'''
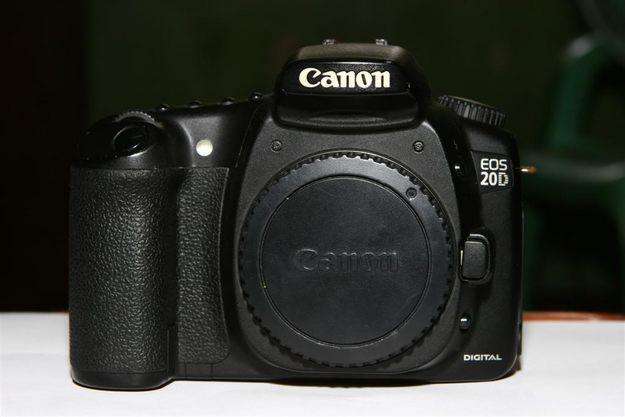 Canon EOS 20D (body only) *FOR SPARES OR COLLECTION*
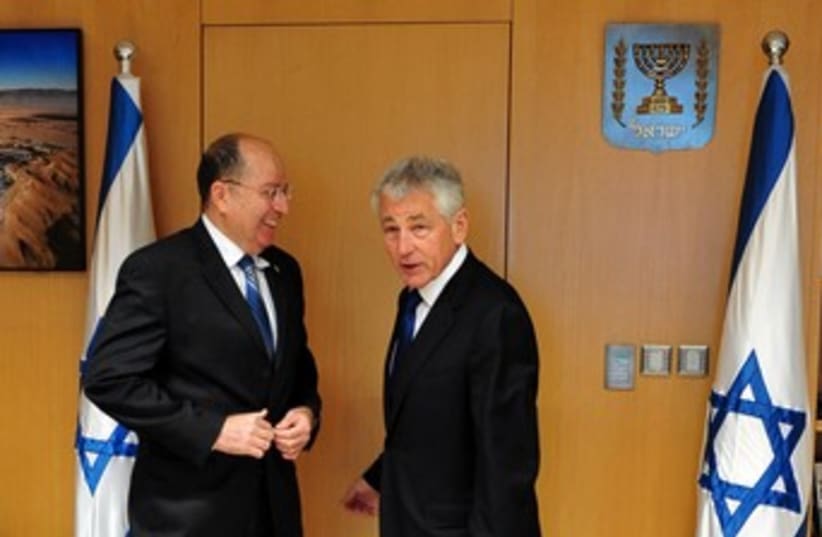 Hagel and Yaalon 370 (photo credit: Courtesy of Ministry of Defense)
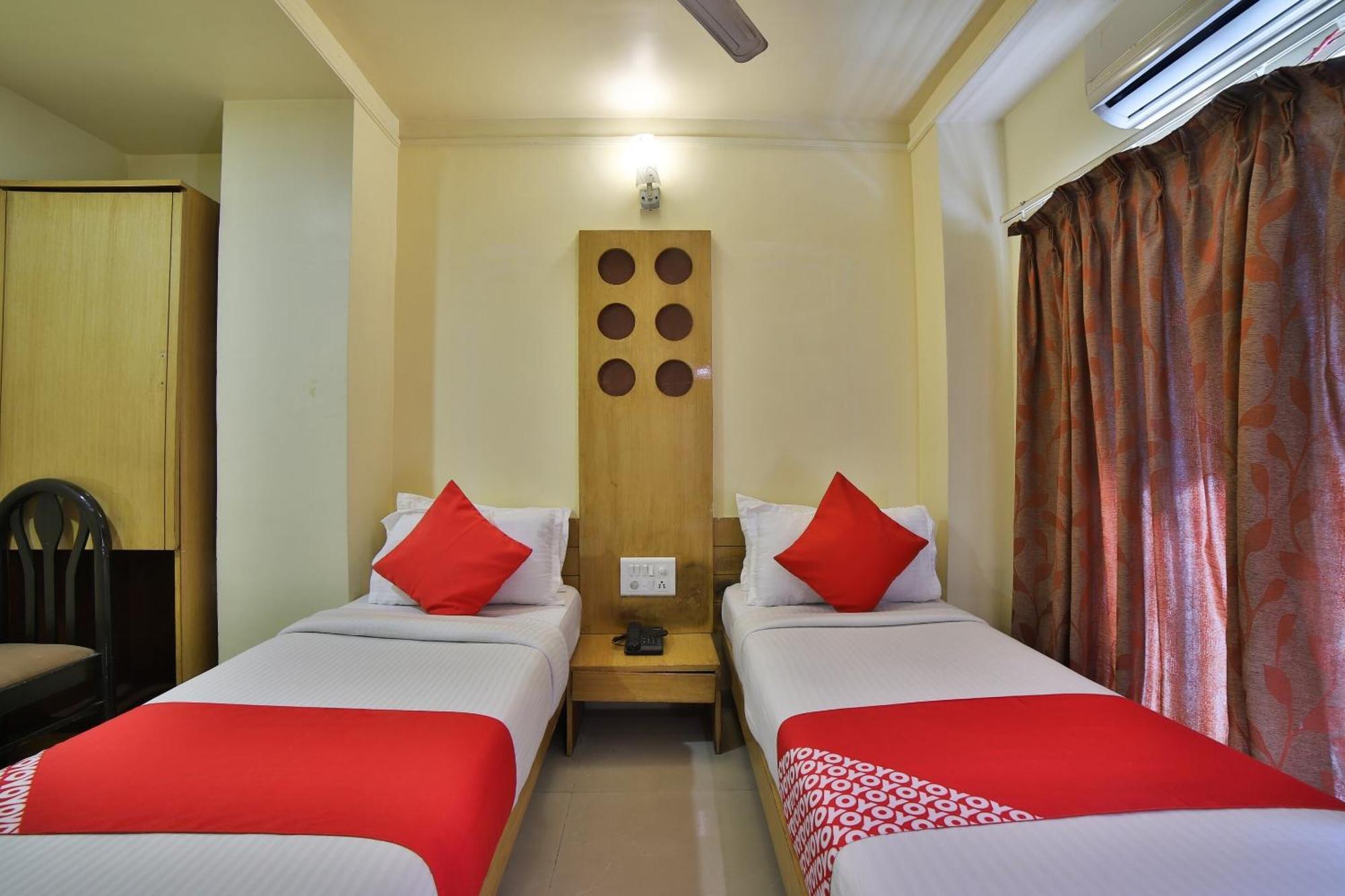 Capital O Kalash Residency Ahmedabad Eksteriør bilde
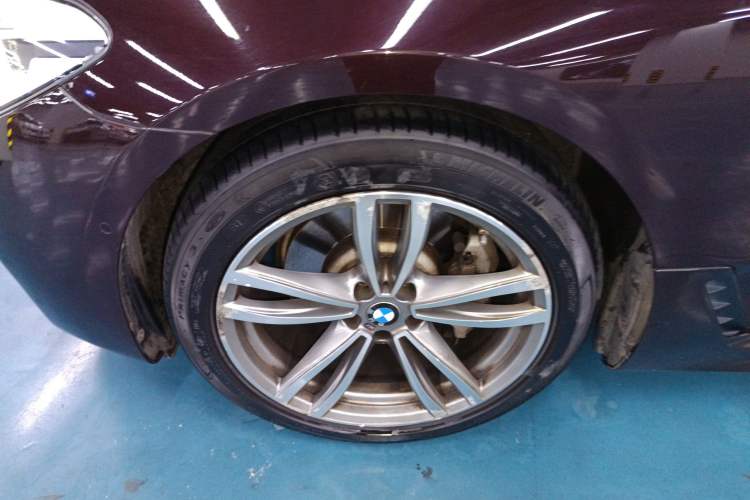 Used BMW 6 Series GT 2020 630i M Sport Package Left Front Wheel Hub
'''
• [TRY IT]:
Only an exact copy of the lines from the one with "Hagel and Yaalon" through the last line of the listing should be given; pictures must not be included.

• [TASK RESULT]:
 Hagel and Yaalon 370 (photo credit: Courtesy of Ministry of Defense)
 Capital O Kalash Residency Ahmedabad Eksteriør bilde
 Used BMW 6 Series GT 2020 630i M Sport Package Left Front Wheel Hub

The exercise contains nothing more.